Fig. 5Full-screen View

(Color online) Experimental capture yields and the fitted ones obtained with the SAMMY code

A comparison of the findings of the current study with those of various evaluation libraries is illustrated in Fig. 6 (¹⁴⁷Sm) and Fig. 7 (¹⁴⁹Sm). For the ¹⁴⁷Sm isotope, the parameter Γ_n remains consistent at 107.0 eV across the different evaluation databases, and our experimental results agree with all of them. However, at the energy points of 139.4 eV, 241.7 eV, and 257.3 eV, the parameter Γ_n in the CENDL-3.2 database aligns with the JENDL-4.0 database but diverges from the ENDF/B-VIII.0, JEFF-3.3, and BROND-3.1 For these energy points, our experimental results were consistent with the evaluations in the ENDF/B-VIII.0, JEFF-3.3, and BROND-3.1 databases. The value of parameter Γ_γ for ¹⁴⁷Sm in the CENDL-3.2 database is 69 meV at 107 eV compared to 82 meV in the other four databases; however, our current experimental result is 85.5 ± 8.0 meV.

Fig. 6Full-screen View

(Color online) Comparison between the Γ_n and Γ_γ values of ¹⁴⁷Sm obtained from the different databases and this study

Fig. 7Full-screen View

(Color online) Comparison between the Γ_n and Γ_γ values of ¹⁴⁹Sm obtained from the different databases and this study

For the ¹⁴⁹Sm isotope, the discrepancy in the parameter Γ_n across different evaluation databases was minimal, and the experimental findings aligned closely with the assessment databases at most energy levels.

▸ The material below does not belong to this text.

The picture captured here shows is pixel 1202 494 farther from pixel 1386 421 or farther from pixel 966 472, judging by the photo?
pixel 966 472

Specifically, our experiment yielded a value of 25.8±2.5 meV at an energy of 248.4 eV, whereas the four evaluation databases reported values ranging from 36.6 meV to 39.7 meV. The Γ_γ value in the CENDL-3.2 database aligns with that in the JENDL-4.0 database at the energy points 23.2, 24.6, 26.1, and 28.0 eV. However, it diverges from the evaluation databases of ENDF/B-VIII.0, JEFF-3.3, and BROND-3.1. At the energy points of 51.5, 75.2, 90.9, 125.3, and 248.4 eV, the experimental results are consistent with those in the ENDF/B-VIII.0, JEFF-3.0, JENDL-4.0, and BROND-3.1 databases.